Beide Parteien waren heute zu Auftaktgesprächen zusammengekommen. Das Ziel der Charité war es darin, die Rahmenbedingungen dafür zu schaffen, weiterhin eine attraktive Arbeitgeberin im Wettbewerbsumfeld zu sein und dabei zugleich die Arbeitsbelastung ihrer Mitarbeiterinnen und Mitarbeiter anzuerkennen und zu berücksichtigen. Zu den Rahmenbedingungen, wie Stabilität und Planbarkeit der Arbeit sowie lebensindividuelle Lösungen, hat die Charité ein umfassendes Modell erarbeitet und vorgelegt.

Die Herausforderung und Ziele der Charité als Universitätsmedizin in Berlin sind spezifisch. Daher kommt nur eine individuelle Regelung in Betracht.
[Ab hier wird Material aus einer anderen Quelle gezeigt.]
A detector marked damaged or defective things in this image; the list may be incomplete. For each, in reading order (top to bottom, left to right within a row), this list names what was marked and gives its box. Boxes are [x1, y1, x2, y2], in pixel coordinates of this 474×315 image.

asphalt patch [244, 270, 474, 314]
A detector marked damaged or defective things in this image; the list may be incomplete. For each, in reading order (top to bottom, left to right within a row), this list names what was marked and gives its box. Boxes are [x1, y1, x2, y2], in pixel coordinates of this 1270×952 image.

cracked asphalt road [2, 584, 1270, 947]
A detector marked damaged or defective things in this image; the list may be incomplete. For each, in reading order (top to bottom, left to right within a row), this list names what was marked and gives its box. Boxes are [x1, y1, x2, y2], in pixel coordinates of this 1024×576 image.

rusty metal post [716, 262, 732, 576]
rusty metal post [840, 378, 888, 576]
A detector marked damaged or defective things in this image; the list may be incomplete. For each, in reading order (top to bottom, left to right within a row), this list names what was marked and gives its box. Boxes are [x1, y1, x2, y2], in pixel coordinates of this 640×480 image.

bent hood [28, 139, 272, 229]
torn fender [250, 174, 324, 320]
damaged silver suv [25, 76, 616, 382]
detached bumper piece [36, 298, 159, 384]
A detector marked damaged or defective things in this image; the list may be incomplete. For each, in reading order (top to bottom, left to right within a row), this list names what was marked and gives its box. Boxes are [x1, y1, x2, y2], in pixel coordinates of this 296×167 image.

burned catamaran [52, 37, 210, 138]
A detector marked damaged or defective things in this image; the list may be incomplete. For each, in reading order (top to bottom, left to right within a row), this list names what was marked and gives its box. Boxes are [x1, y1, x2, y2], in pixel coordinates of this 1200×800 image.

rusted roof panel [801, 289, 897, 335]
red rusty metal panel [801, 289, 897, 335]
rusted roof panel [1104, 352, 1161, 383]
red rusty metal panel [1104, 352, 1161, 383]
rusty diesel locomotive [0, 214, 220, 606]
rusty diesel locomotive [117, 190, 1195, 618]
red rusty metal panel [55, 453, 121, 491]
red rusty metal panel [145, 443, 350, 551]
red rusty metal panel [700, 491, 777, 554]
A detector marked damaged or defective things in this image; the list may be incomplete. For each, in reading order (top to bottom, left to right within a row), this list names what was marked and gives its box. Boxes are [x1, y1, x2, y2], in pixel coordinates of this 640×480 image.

Der Vorschlag der Charité war eine kombinierte Regelung der Rahmenbedingungen in einem Haustarifvertrag und ergänzend in einer Dienstvereinbarung. Diesen Vorschlag haben die Vertreterinnen und Vertreter von ver.di abgelehnt und fordern einen Entlastungstarifvertrag. Der Vorstand der Charité ist nicht frei darin, einen solchen Vertrag abzuschließen.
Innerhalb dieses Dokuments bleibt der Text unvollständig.